Frida Kahlo – 7

In addition to many letters, Frida Kahlo and Nickolas Muray also exchanged gifts: Kahlo gave Muray several of her works, in some cases to repay Nick for the money he lent her, and in others to leave a memento of her to her lover. Of the many photos Muray gave Frida, one depicting her with a dreamy face is still on display at the Frida Kahlo Museum in Coyoacán, on the wall of Diego Rivera’s bedroom. 

In a photograph on display here, Nick immortalises Frida at her easel while painting ‘The Two Fridas’, a self-portrait of her separation from Diego. The painting is one of Frida Kahlo’s most famous and depicts two Fridas, sitting hand in hand, like Siamese twins whose hearts are connected by a single artery. The one on the right wears a typical Mexican costume, while the one on the left a wedding dress. The first Frida is the one who still loves Diego and in fact holds in her hands a miniature of him from which an artery grows and feeds her. The second Frida, on the left, is the one Rivera no longer loves and is slowly bleeding to death, despite the haemostatic scissors that try to stop the loss. 

Into this narrative comes Muray who adds a new element, the real Frida who is painting the work. If the picture acts as a puzzle to the viewer, who wonders which of the three Fridas is the real one, the same question will certainly be asked by Muray, unable to decipher Kahlo’s feelings. 

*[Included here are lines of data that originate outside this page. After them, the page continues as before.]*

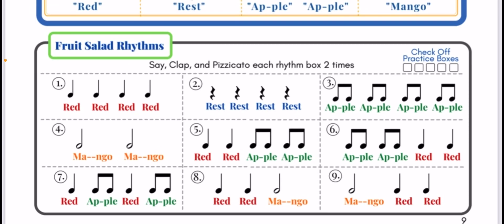Number five, here we go. Red, red, apple, apple.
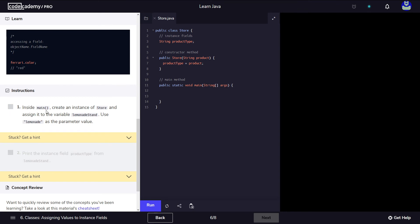The instruction says: inside the main method, create an instance of Store and assign it to the variable lemonade stand, using lemonade as the parameter value. So inside main — main is here on line 10 — we create an instance of Store: new Store. Looking at its constructor, it tells us we need to pass a value of type string, so this string is the argument. When we define it that's the parameter; when we call it, this is the argument.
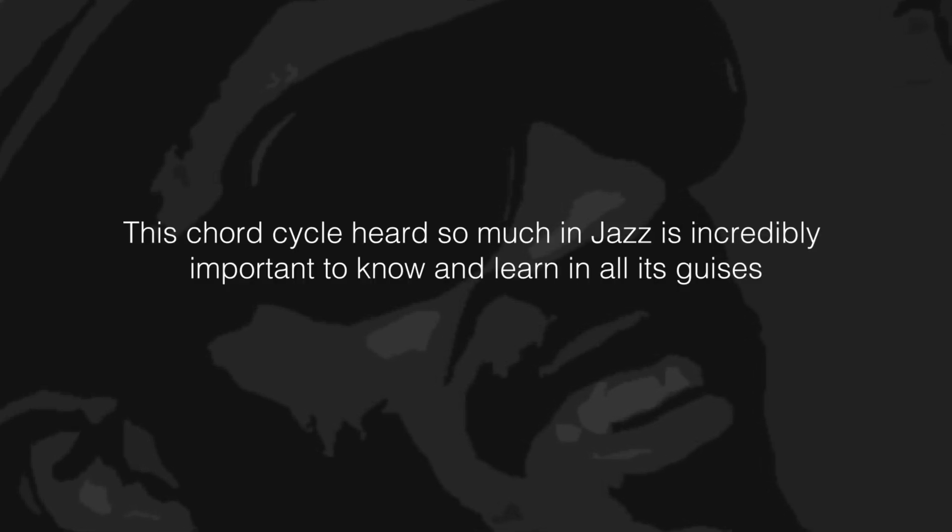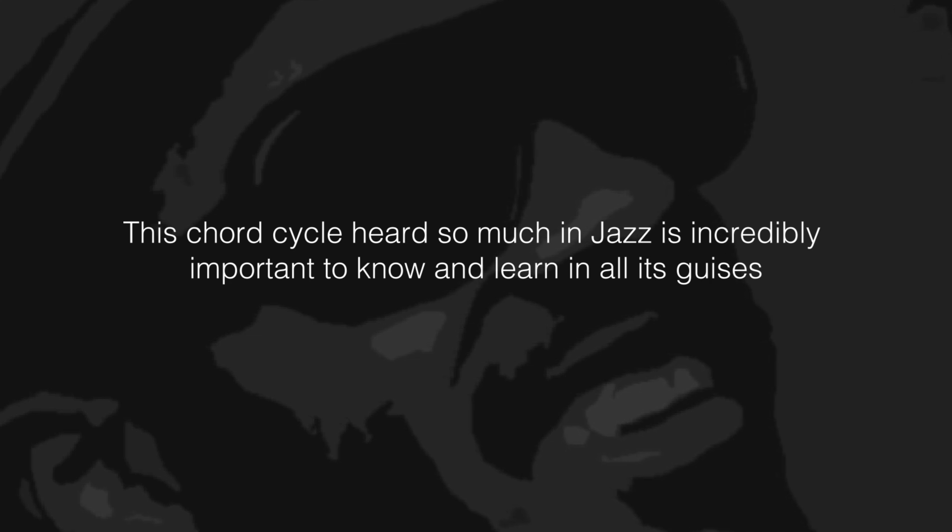This chord cycle, heard so much in jazz, is incredibly important to know and learn in all its guises.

During Kahlo’s stay in Paris, Muray sent her $400 to cover some expenses, as she refused to be financially dependent on Rivera. To thank him, Frida gave him the painting ‘What the water gave me’ – shown here in a photographic reproduction made by Muray – which had also just been published in an issue of Minotaure, Breton’s magazine, as well as in the volume Surrealism and Painting, making it one of Kahlo’s most famous works at the time. The painting is a metaphor for what fate had in store for Frida: in a bathtub in which we only see her feet and legs, float the events that marked her existence, from her accident, to her abortion, to her relationship with death and suffering. Somehow the painting was also meant to serve as a warning to Muray, as if to warn him that despite all the love he could give her, Frida’s life would forever be marked by destruction. 

Mimi Muray, Nick’s second daughter and now director of the Nickolas Muray Photo Archive, grew up with the constant presence of Frida. Every time she walked into the living room of her home, Kahlo’s painting ‘Self-Portrait with Necklace of Thorns’ was waiting for her. Inspired by the Christian iconography of Christ Pantocrator, Frida had portrayed herself in front of a backdrop of exotic leaves, with a panther and a spider monkey on her shoulders, and a crown of thorns around her neck that penetrated the flesh from which a dead hummingbird dangled. 

It was certainly a disturbing presence in a house, but Muray would never have dreamed of parting with the painting, which he had bought from Frida, fresh off the easel, in 1940, the year she divorced Rivera. And while that was the moment when Nick hoped their relationship might have a breakthrough, the painting would always remain a reminder that Frida was never really available to him. Frida was present in the self-portrait but absent at the same time and Muray could only retreat in good order.